ATPγS inhibits apoptosis via Src activation of Akt and B-Raf-mediated ERK1/2 activation. Serum-starved PC12 cells and DRG neurons were treated with 10 μm PP2 and 10 μm ATPγS. Cells were analyzed for apoptosis by quantitation of DNA fragmentation (A). An immunoblot of PC12 cells treated as in A and probed for Src, Akt, and ERK activation is shown (B). Densitometry was measured as P-Src/Src, P-Akt/Akt, and P-ERK1/2/ERK1/2 and normalized to ATPγS-treated alone. Serum-starved PC12 cells and DRG neurons were treated with a Raf kinase inhibitor (50 nm) and/or an Akt inhibitor (LY294002; 10 μm). Cells were analyzed for apoptosis by quantitation of DNA fragmentation (C). An immunoblot of PC12 cells treated as in C and probed for B-Raf, Akt, and ERK activation is shown (D). Densitometry was measured as P-B-Raf/Raf, P-Akt/Akt, and P-ERK1/2/ERK1/2 and normalized to ATPγS-treated alone. ***p < 0.001 versus serum starvation alone, with values normalized to serum starvation alone. Error bars indicate SE.

Figure 5.

ATPγS inhibits serum starvation-induced DRG apoptosis via P2Y₂ independent of NGF/TrkA signaling. DRG neurons from wt and P2Y₂^−/− mice were serum-deprived for 12 h alone, with 10 ng/ml NGF, or with 10 μm ATPγS. Apoptosis was quantitated by DNA fragmentation (A) or caspase 3 expression (B).
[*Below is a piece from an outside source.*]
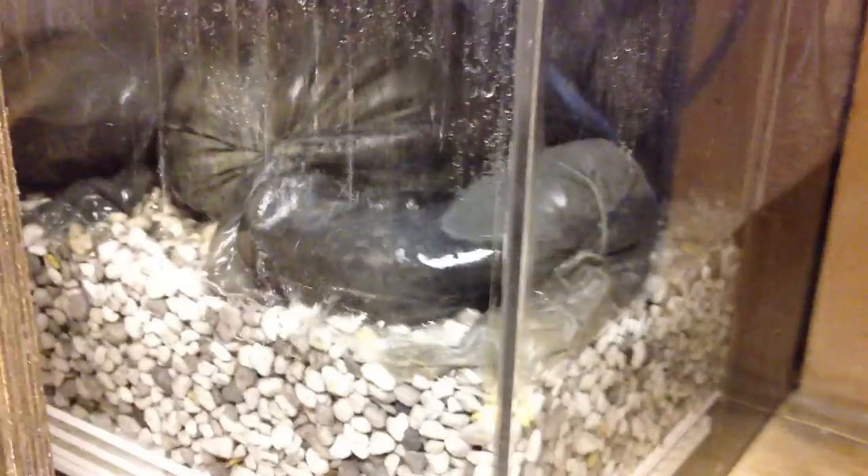The tank's about a thousand gallons. Right now out of the two pumps I'm getting probably about 5,800 gallons an hour, so I'm cycling this tank about 5.8 to 6 times an hour. With the two skimmers going I should have about 1,300 gallons an hour of skimming power.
DRG neurons from wt and P2Y₂^−/− mice were serum-starved for 12 h in the presence of the TrkA inhibitor K252a (10 nm) and the indicated treatments (compare with A). Cells were lysed and analyzed for apoptosis by DNA fragmentation (C). An immunoblot analysis of DRG neurons treated as in C and probed for TrkA activation is shown (D). Densitometry was measured as P-TrkA/TrkA and normalized to NGF treatment alone. ***p < 0.001 versus serum starvation alone, values normalized to serum starvation alone. Error bars indicate SE.

Figure 6.

Model of P2Y₂-mediated inhibition of neuronal apoptosis. Agonists (e.g., ATP, ATPγS, or UTP) activate P2Y₂ receptors leading to Src activation/phosphorylation (+P). Src activates/phosphorylates B-Raf and PI3K (phosphatidylinositol 3-kinase) leading to ERK1/2 and Akt activation/phosphorylation, respectively. Activation of ERK1/2 and Akt inhibits apoptosis. Activation of P2Y₂ receptors in the presence of NGF increases TrkA activation/phosphorylation, thereby increasing the activation of ERK1/2 and Akt, resulting in inhibition of apoptosis via a NGF-dependent pathway.